Tonawanda News — As social media sites lit up Tuesday afternoon over the news that the iconic Buffalo Bills owner Ralph Wilson had died at the age of 95, those in the Tonawandas had mixed opinions on what his passing will mean for the future of the team.
What was certain, however, was the outpouring of admiration and respect for a man with a practically unrivaled legacy in professional sports.
NFL commissioner Roger Goodell said Wilson “set the standard” for NFL ownership.
“He brought his beloved Bills to Western New York, and his commitment to the team’s role in the community set the standard for the NFL,” Goodell said. “As a trusted adviser to his fellow league owners and the commissioner, Ralph always brought a principled and common-sense approach to issues.”
Fellow NFL owners expressed admiration for Wilson, who was frequently referred to as the “conscience of the NFL” for principled stands against teams relocating and creating a revenue-sharing deal that allowed small market teams to remain financially viable.

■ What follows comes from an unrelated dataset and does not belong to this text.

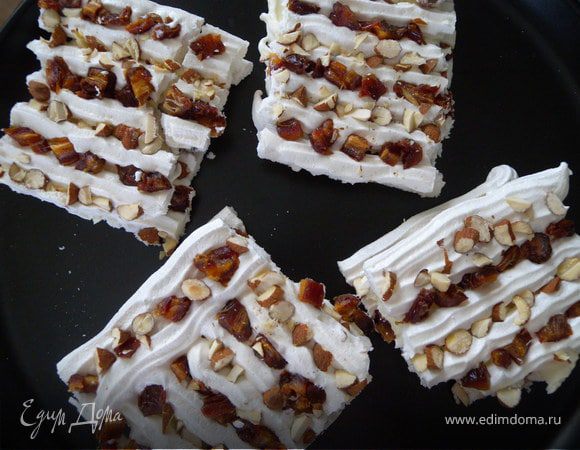 И быстренько под одеяло - чтобы никто не отобрал...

“As two of the original members of the AFL’s Foolish Club, my father and Ralph shared a unique bond and special friendship,” said Clark Hunt, son of the late Kansas City Chiefs owner Lamar Hunt, who with Wilson founded the AFL. “I had the privilege of knowing Ralph and his family my entire life. His sense of humor was extraordinary, and his passion for the Buffalo Bills was remarkable.”
Hall of Fame Bills coach Marv Levy, who led the team during its Super Bowl runs in the early 90s, said Wilson’s legacy in football and in Western New York will long be remembered.
“(I’m) deeply saddened to hear about his passing. He meant so much to the game that both of us revered, and to the community of Buffalo and beyond. It’s quite a loss, and he’s going to be remembered so fondly by everyone who knew him,” Levy said.